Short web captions
+--

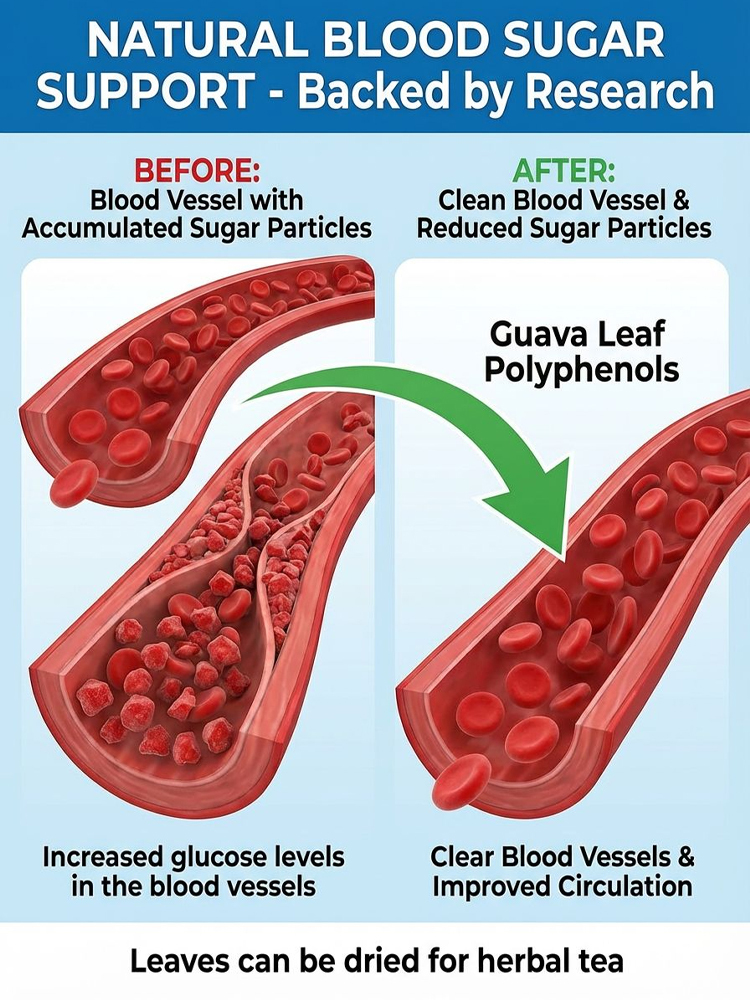 [Vitamin C Bomb] Organic Red Guava Saplings【Fresh avocados at home. Plant now, harvest this year! 】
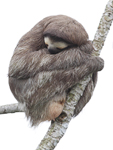 Brown-throated Three-toed Sloth    Bradypus variegatus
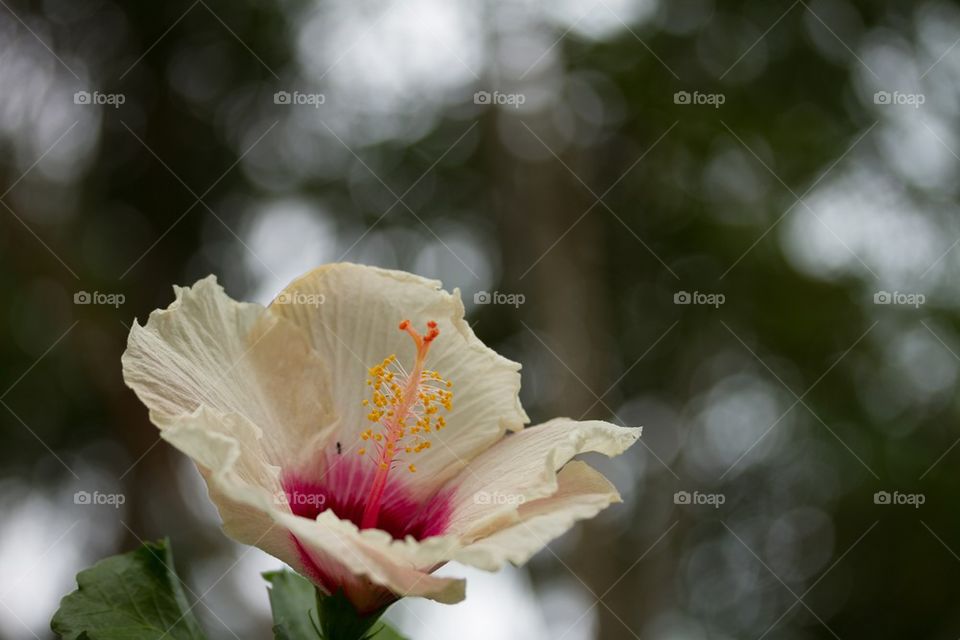 Hibiscus with ant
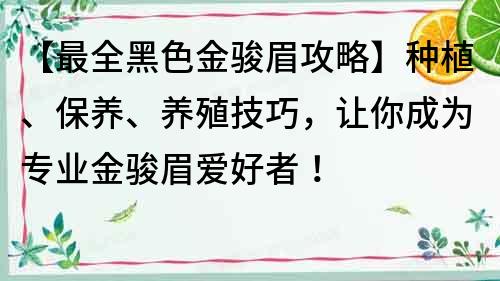 【最全黑色金骏眉攻略】种植、保养、养殖技巧，让你成为专业金骏眉爱好者！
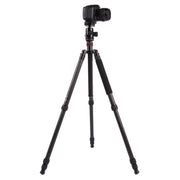 Triopo GT-2804X8.C Adjustable Portable Carbon Fiber Tripod with B-2 Aluminum Ball Head for Canon Nikon Sony DSLR Camera(Black)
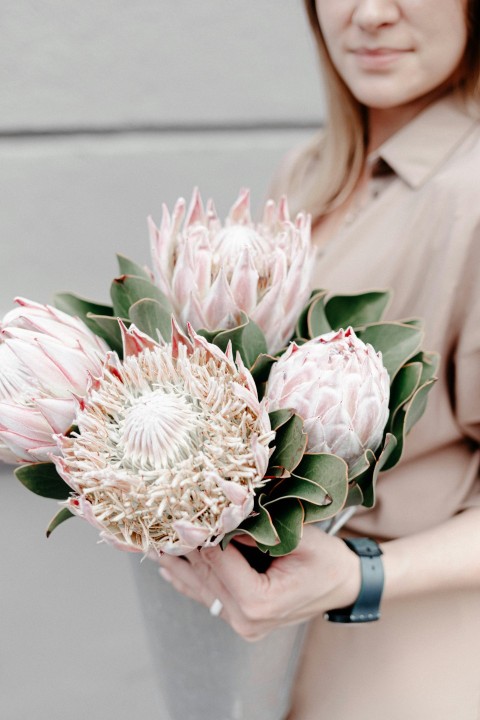 person holding white and pink flower Pxq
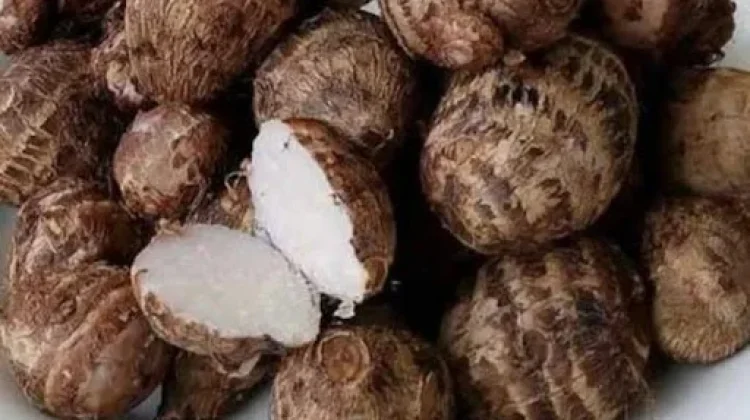 Cara Menyimpan Kimpul agar Tetap Segar Lebih Lama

+--

What you are asked to do: Output, exactly and only, the lines beginning with the one that contains "Hibiscus with ant" and ending at the last line of the records above. Drop the pictures.

Written answer:
 Hibiscus with ant
 【最全黑色金骏眉攻略】种植、保养、养殖技巧，让你成为专业金骏眉爱好者！
 Triopo GT-2804X8.C Adjustable Portable Carbon Fiber Tripod with B-2 Aluminum Ball Head for Canon Nikon Sony DSLR Camera(Black)
 person holding white and pink flower Pxq
 Cara Menyimpan Kimpul agar Tetap Segar Lebih Lama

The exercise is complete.